Sabtu, 19 April 2014

MAKNA HIBAH WASIAT



Tinjauan Umum Tentang Hibah Wasiat
Hibah dalam bahasa Belanda adalah “Schenking”. Sedangkan menurut istilah yang dimaksud hibah, sebagaimana disebutkan dalam Pasal 1666 Kitab Undang-undang Hukum Perdata, adalah: “Sesuatu persetujuan dengan mana si penghibah di waktu hidupnya, dengan cuma-cuma dan dengan tidak dapat ditarik kembali, menyerahkan suatu benda guna keperluan si penerima hibah yang menerima penyerahan itu.”[1]
Penghibah adalah digolongkannya pada  apa yang dinamakan Perjanjian cuma-cuma dalam bahasa Belanda “Omniet”. Maksudnya, hanya ada pada adanya prestasi pada satu pihak saja, sedangkan pihak yang lain tidak perlu memberikan kontra prestasi sebagai imbalan. Perkataan “di waktu hidupnya” si Penghibah adalah untuk membedakan penghibahan ini dengan pemberian-pemberian yang lain yang dilakukan dalam testament (surat wasiat), yang baru akan mempunyai kekuatan dan berlaku sesudah pemberi itu meninggal, dapat diubah atau ditarik kembali olehnya.
Wasiat dalam Kitab Undang-Undang Hukum Perdata terdapat pada Pasal 874, wasiat disebut juga dengan testamen, dalam pasal 874 dapat dipahami bahwa wasiat, yaitu: “Suatu pernyataan dari seseorang tentang apa yang dikehendaki setelahnya ia meninggal.”
Berdasarkan asasnya suatu pernyataan yang demikian, adalah keluar dari suatu pihak saja (eenzildig) dan setiap waktu dapat ditarik kembali oleh yang membuatnya. Dengan sendirinya, dapat dimengerti bahwa tidak segala yang dikehendaki oleh seseorang, sebagaimana diletakkan dalam wasiatnya itu, juga diperbolehkan atau dapat dilaksanakan. Pasal 874 BW yang menerangkan tentang arti wasiat atau testamen, memang sudah mengandung suatu syarat, bahwa isi pernyataan itu tidak boleh bertentangan dengan undang-undang.
Isi suatu testamen, tidak usah terbatas pada hal-hal yang mengenai kekayaan harta benda saja. Dalam suatu testamen dapat juga dengan sah dilakukan, penunjukan seorang wali untuk anak-anak si meninggal, pengakuan seorang anak yang lahir di luar perkawinan, atau pengangkatan seorang executeurtestamentair, yaitu seorang yang dikuasakan mengawasi dan mengatur pelaksanaan testamen.
Selanjutnya, suatu legaat dapat juga digantungkan pada suatu ketetapan waktu.

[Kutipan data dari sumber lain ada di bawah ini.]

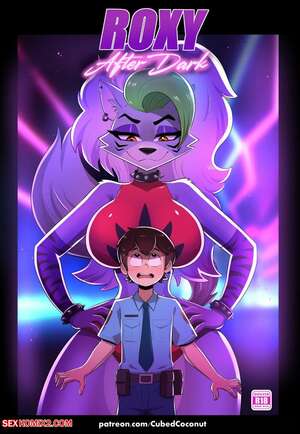 Porn comic Roxy After Dark. Five Nights At Freddys. Cubed Coconut.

Menurut bentuknya ada tiga macam testamen, yaitu :
a.    Openbar Testament, bentuk ini paling banyak dipakai, dimana orang yang akan meninggalkan warisan dating menghadap pada notaris dengan dihadiri oleh dua orang saksi menyatakan kehendaknya.
b.    Oligraphis Testament, suatu bentuk testament yang dibuat/ditulis dengan tangan si pewaris sendiri, yang harus disimpan atau diserahkan kepada notaris, dengan disaksikan oleh dua orang saksi. Sebagai tanggal testament itu berlaku diambil tanggal akte penyerahan. Penyerahan dapat terbuka atau tertutup. Bila tertutup, kelak si pewaris meninggal dunia testament harus diserahkan oleh notaries kepada Balai Harta Peninggalan.
c.    Testament Tertutup dan Rahasia, suatu testament rahasia harus selalu tertutup atau disegel dan diserahkan kepada notaries dengan disaksikan oleh 2 (dua) orang saksi.[2]
Pemberi dalam testament menurut BW (Burgerlijk Wetboek) dinamakan legaat (hibah wasiat), yang diatur dalam Hukum Waris, sedangkan penghibah ini adalah suatu perjanjian, maka dengan sendirinya tidak dapat ditarik kembali secara sepihak oleh si penghibah. Dengan demikian Hibah menurut BW (Burgerlijk Wetboek) ada 2 (dua) macam, yaitu: hibah dan hibah wasiat yang ketentuan hibah wasiat sering berlaku pula dalam ketentuan penghibah.[3]
Hibah wasiat merupakan suatu  jalan bagi pemilik harta kekayaan semasa hidupnya menyatakan keinginannya yang terakhir tentang pembagian harta peninggalannya kepada ahli waris yang baru akan berlaku setelah si pewaris meninggal dunia.
Hibah wasiat dapat dibuat oleh pewaris sendiri atau dibuat secara notariil. Yang mana Notaris khusus diundang untuk mendengarkan ucapan terakhir itu dengan disaksikan oleh dua orang saksi, dengan cara demikian maka hibah wasiat memperoleh bentuk akta notaris dan disebut wasiat atau testamen. Dalam hal pembuatan akta ini Notaris dapat memberikan nasehat kepada pewaris sehingga
akta wasiat yang dibuat tidak menyimpang dari aturan – aturan yang telah ditetapkan yang dapat menyebabkan akta tersebut cacat hukum.[4]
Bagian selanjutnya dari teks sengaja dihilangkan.